We promote the ABCs and 123s of Water Safety. The ABCs are geared toward adults, and the 123s are geared toward children. The Michael Phelps Foundation recommends removing any toys and floats from in and around the pool when not in use as these can attract young children to the pool. An adult should supervise children at all times. Remember to practice safety when around water.
“I was first introduced to swimming through a water safety program, and it’s been one of my goals to help every child learn to swim. While swimming is a lifesaving skill, it’s still important – no matter who you are – to be careful around the water. I’m competitive and love to play games, especially in the pool, but I want everybody to know that some basic tips apply to us all – never swim alone and never hold your breath for an extended time. Shallow water blackout is lethal but also preventable, so please educate yourself and your loved ones about the importance of water safety.” – Michael Phelps
We are excited to partner with PAW Patrol and share the important message of water safety worldwide. Check out the Michael Phelps Foundation and Paw Patrol SafetyFirst Water Safety Tool Kit here.

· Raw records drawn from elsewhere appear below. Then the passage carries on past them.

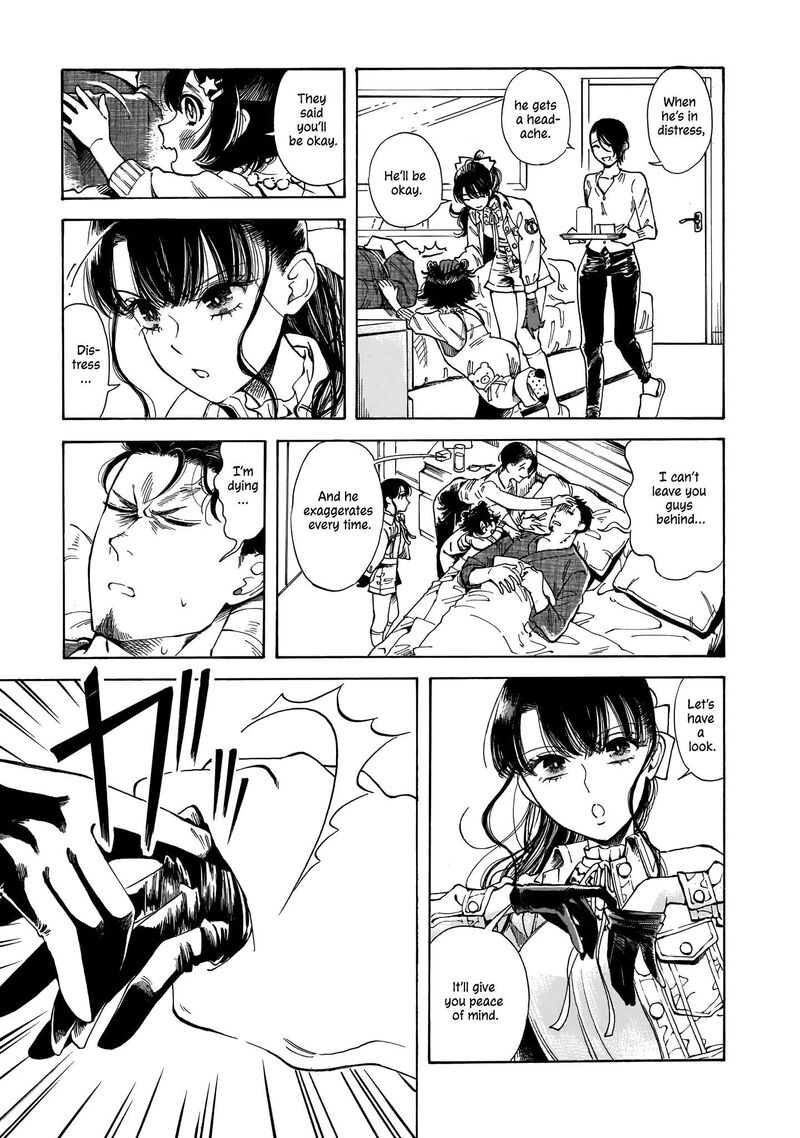 Sensei Kongetsu Dou Desu Ka 16 15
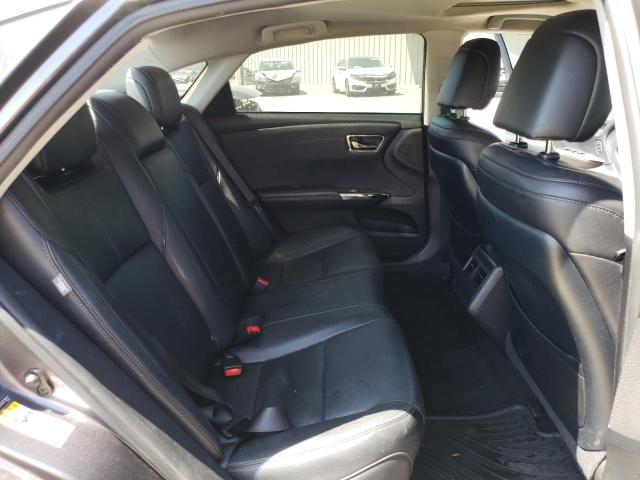 Photo 10 from auction – 2016 TOYOTA AVALON XLE with VIN 4T1BK1EB3GU228401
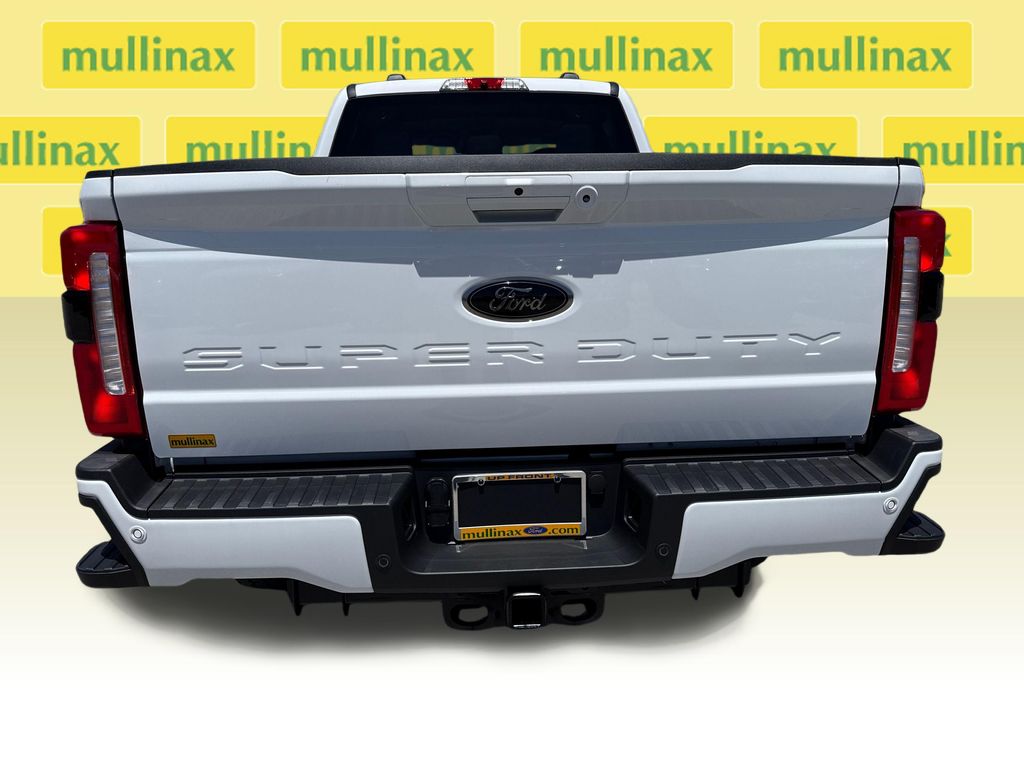New 2026 White Ford XLT image 14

ABCs of Water Safety for Adults
Parents, teach your children never to get in the pool without an adult.
Put your cell phone away.
Stay engaged with your child.
Never be more than an arms-length away.
If you are at a public pool, ensure a certified lifeguard is on duty.
Assign a water watcher: determine which adult in your party is in charge of exclusively watching the children in the water. Take turns! But be aware that it is important to communicate who the watcher is.
All pools should have a barrier around them.
Make sure the door is closed leading into the pool. You do not want people coming in or out without you knowing it
If you have a backyard pool, be sure to have a secure barrier and check to make sure your drains are compliant with VGB
Be aware if there are barriers set up at a public pool. Only swim where it is permitted
Enroll your children in swim lessons. Look for lessons that teach the children to be comfortable and confident in the water. Swimmers need to understand and “feel” buoyancy and balance to make them safer in the water. This approach helps children to react to new situations that may occur in the water
Consider taking some swimming classes to brush up on your swimming skills
Take a CPR class. CPR is essential in an emergency.
The 1, 2, 3s of Water Safety for Children
1. Never swim alone
Never swim alone
Be sure to stay with your parents or other adults.